▼

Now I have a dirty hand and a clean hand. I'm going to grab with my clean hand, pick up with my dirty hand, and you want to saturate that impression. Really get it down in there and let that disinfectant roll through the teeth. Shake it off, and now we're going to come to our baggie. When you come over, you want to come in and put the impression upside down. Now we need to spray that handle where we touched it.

▲
▼

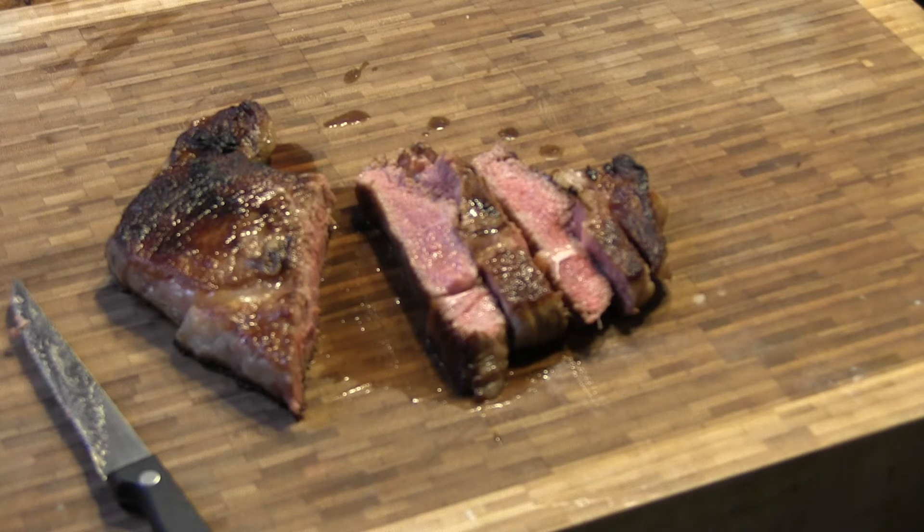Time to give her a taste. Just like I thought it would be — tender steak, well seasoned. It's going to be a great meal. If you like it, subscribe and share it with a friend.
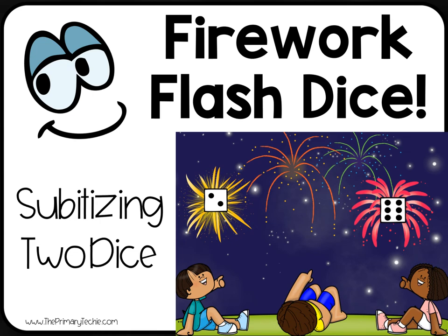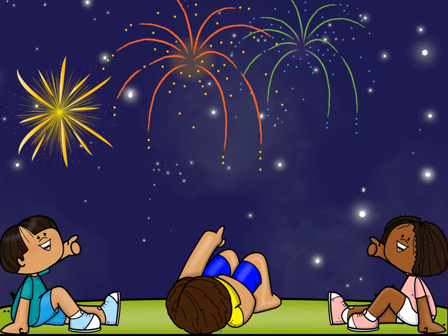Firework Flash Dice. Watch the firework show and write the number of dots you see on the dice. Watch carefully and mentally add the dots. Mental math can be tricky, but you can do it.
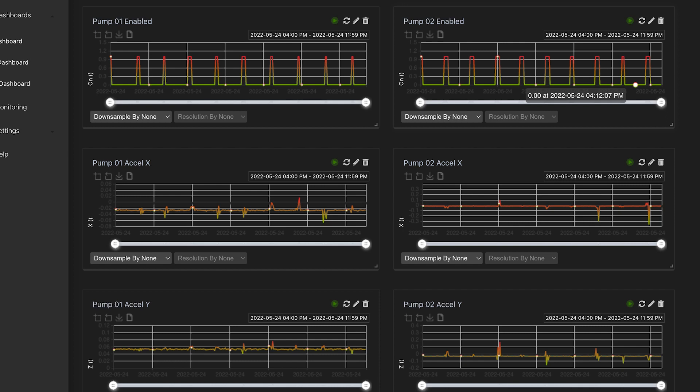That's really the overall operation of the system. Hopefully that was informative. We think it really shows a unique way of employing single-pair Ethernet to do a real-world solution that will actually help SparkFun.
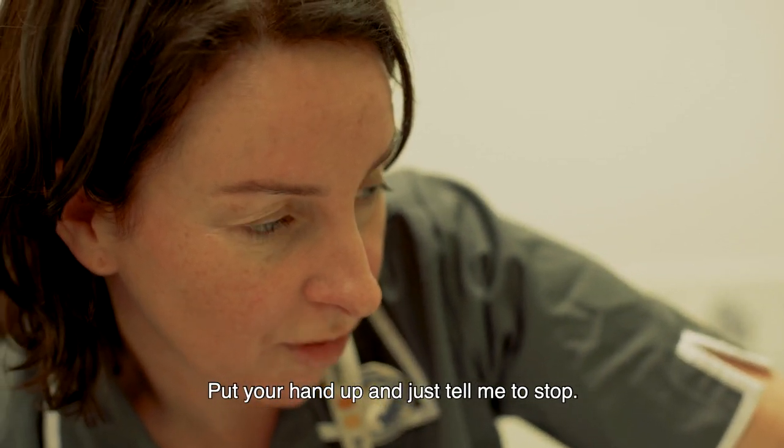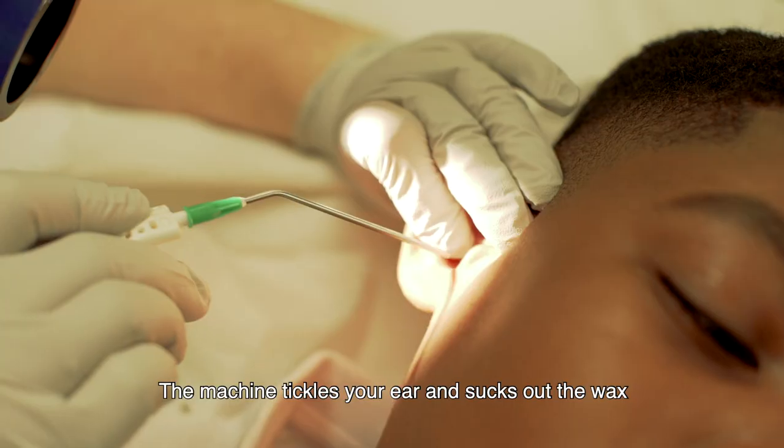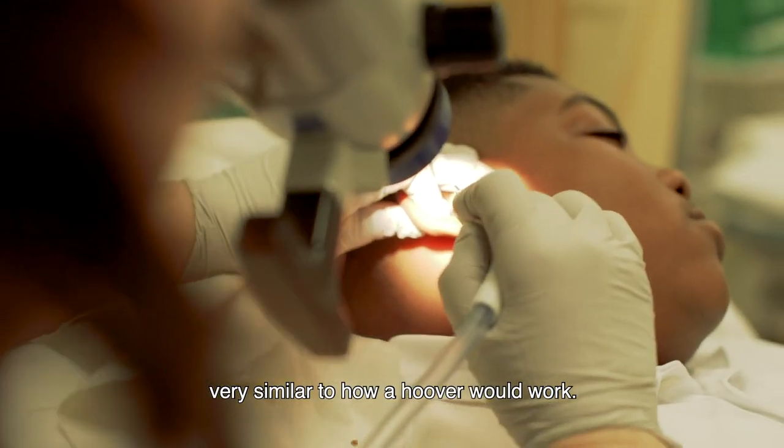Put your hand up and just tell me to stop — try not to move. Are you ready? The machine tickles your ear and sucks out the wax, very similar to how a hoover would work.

▲

Work instructions
Beginning at the line above that contains "That's really the", repeat each line exactly through the one that contains "Put your hand", and leave out the pictures.

Solution for this problem
That's really the overall operation of the system. Hopefully that was informative. We think it really shows a unique way of employing single-pair Ethernet to do a real-world solution that will actually help SparkFun.
Put your hand up and just tell me to stop — try not to move. Are you ready? The machine tickles your ear and sucks out the wax, very similar to how a hoover would work.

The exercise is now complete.